_Exercise description_
Copy the data that follows exactly. Include no pictures.

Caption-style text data
--

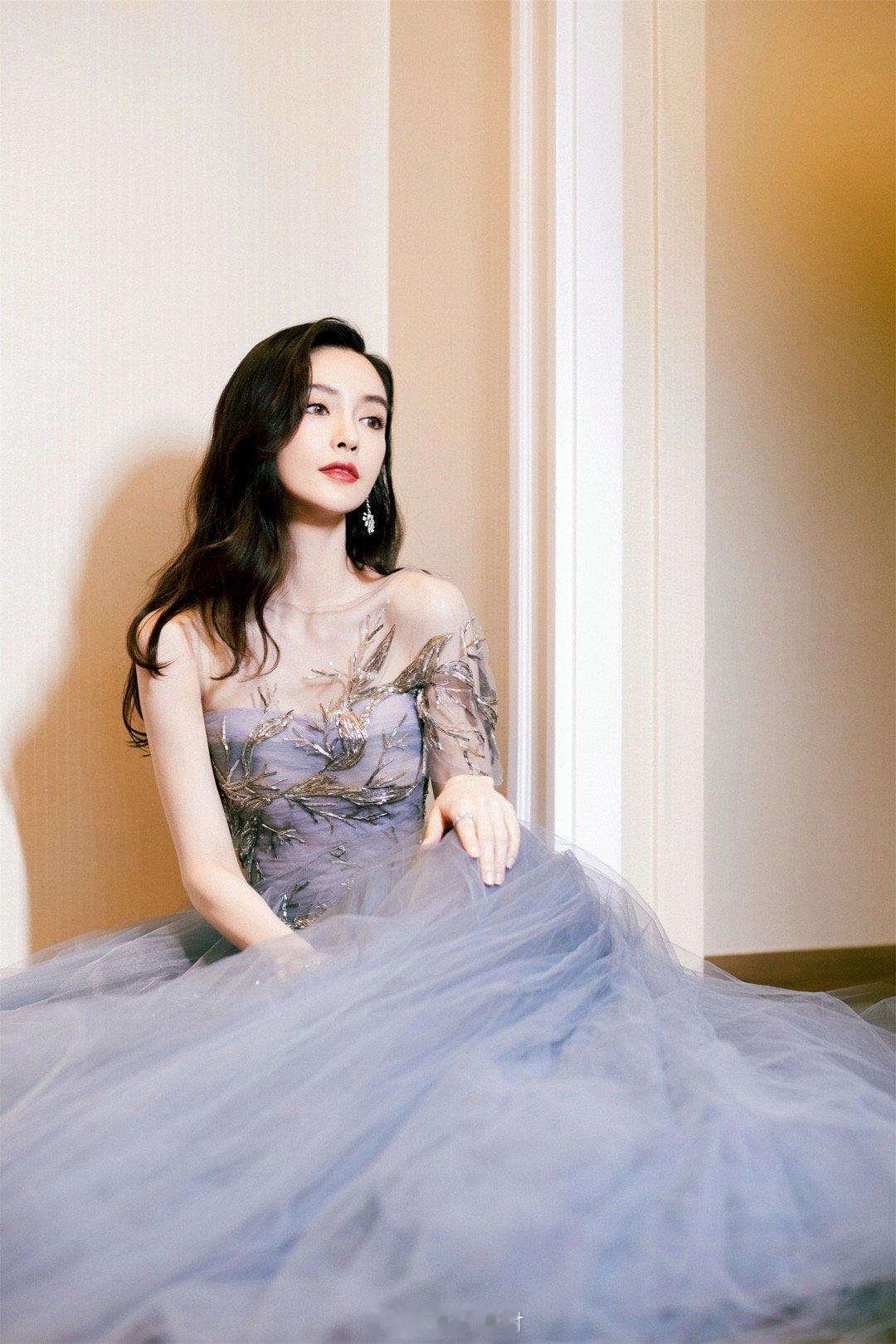 Angelababy[心][爱你][舔屏][色][色][舔屏][色] ​​​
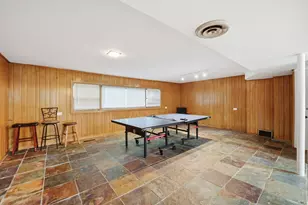 2401 Rohlwing Rd, Rolling Meadows, IL 60008 - Photo 30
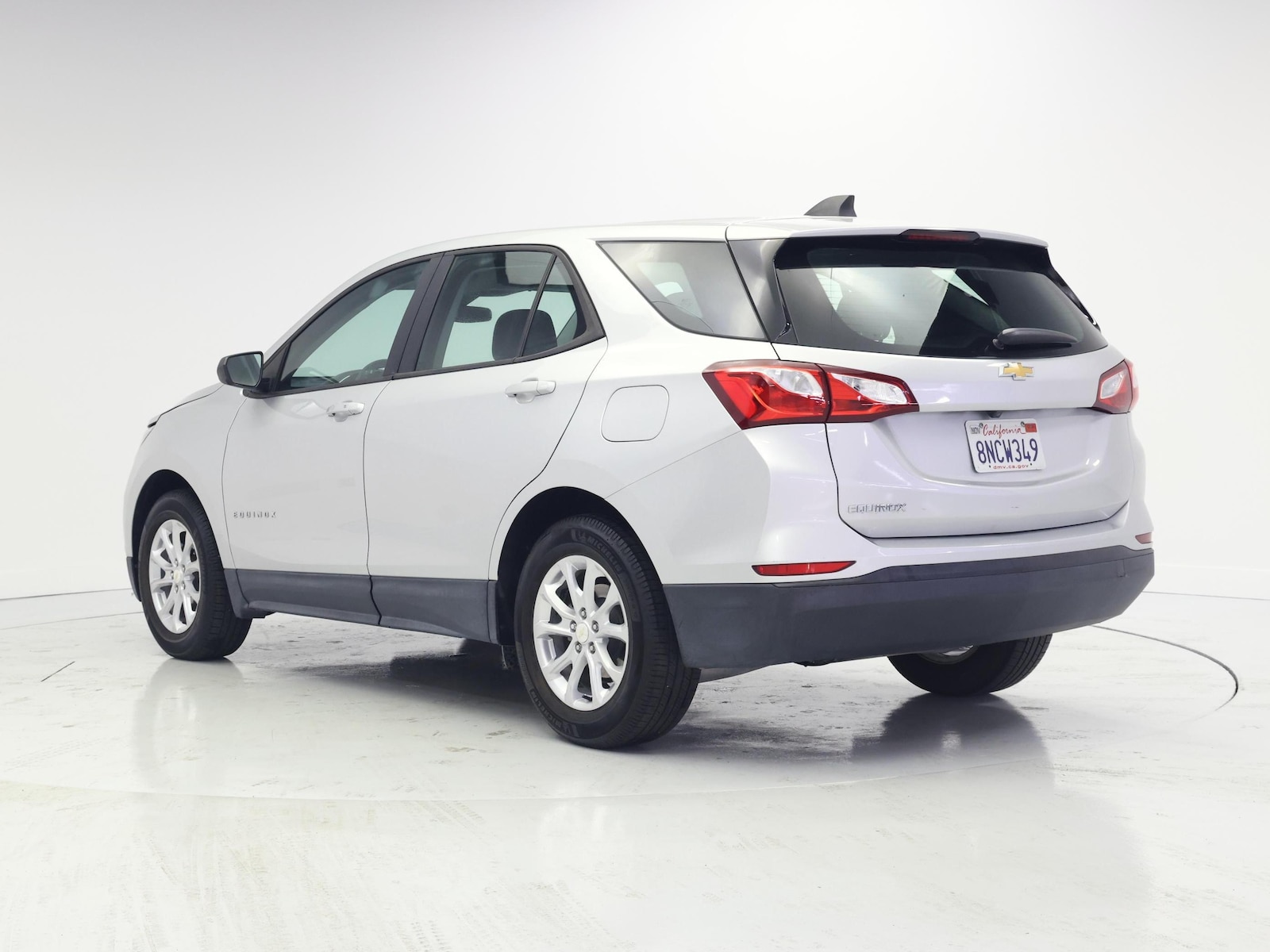 2020 Chevrolet Equinox LS - Photo 3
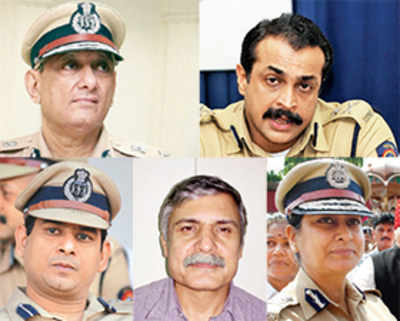 Sidelined, top cops wait for achhe din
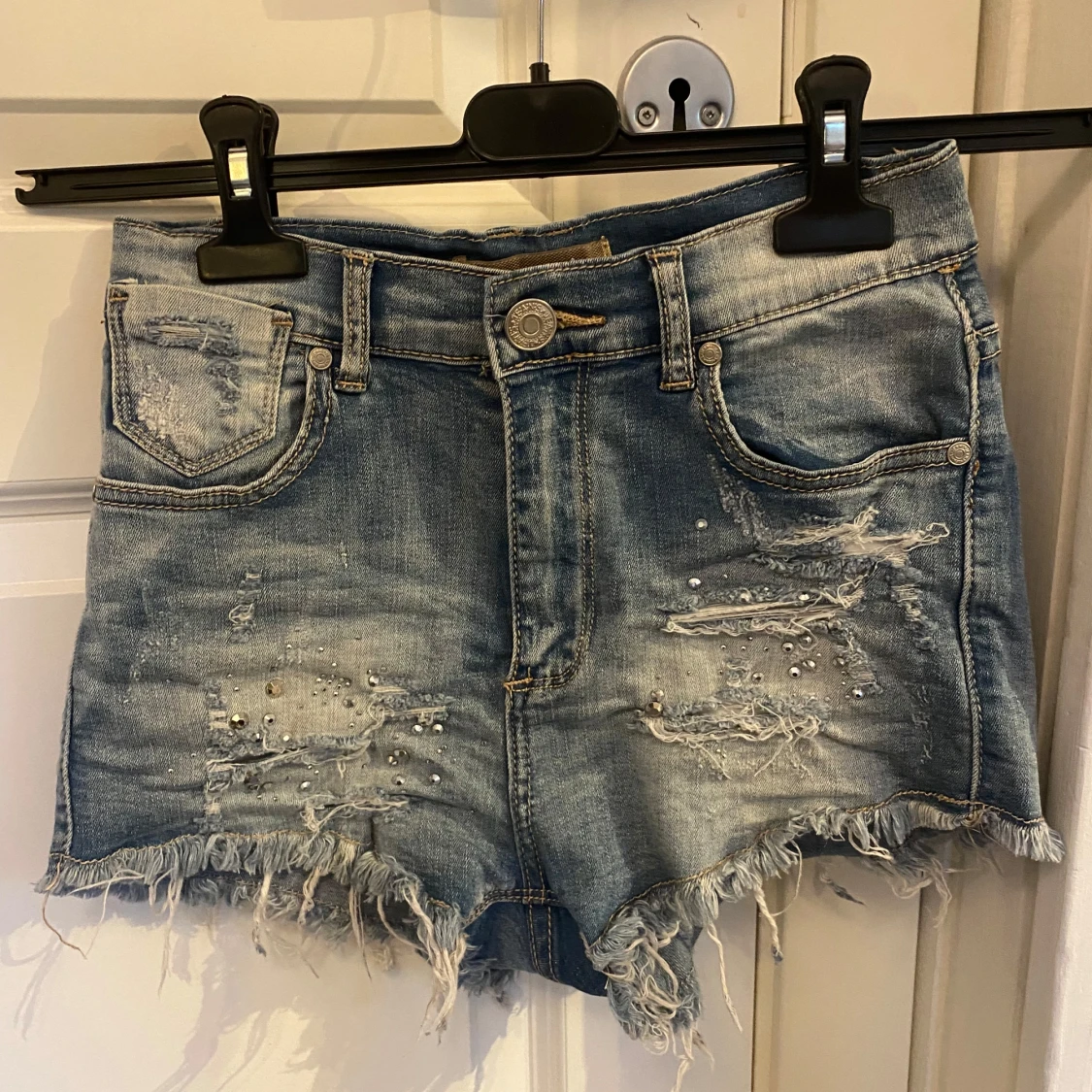 Blå jeansshorts med pärlor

--

_Your solution_
 Angelababy[心][爱你][舔屏][色][色][舔屏][色] ​​​
 2401 Rohlwing Rd, Rolling Meadows, IL 60008 - Photo 30
 2020 Chevrolet Equinox LS - Photo 3
 Sidelined, top cops wait for achhe din
 Blå jeansshorts med pärlor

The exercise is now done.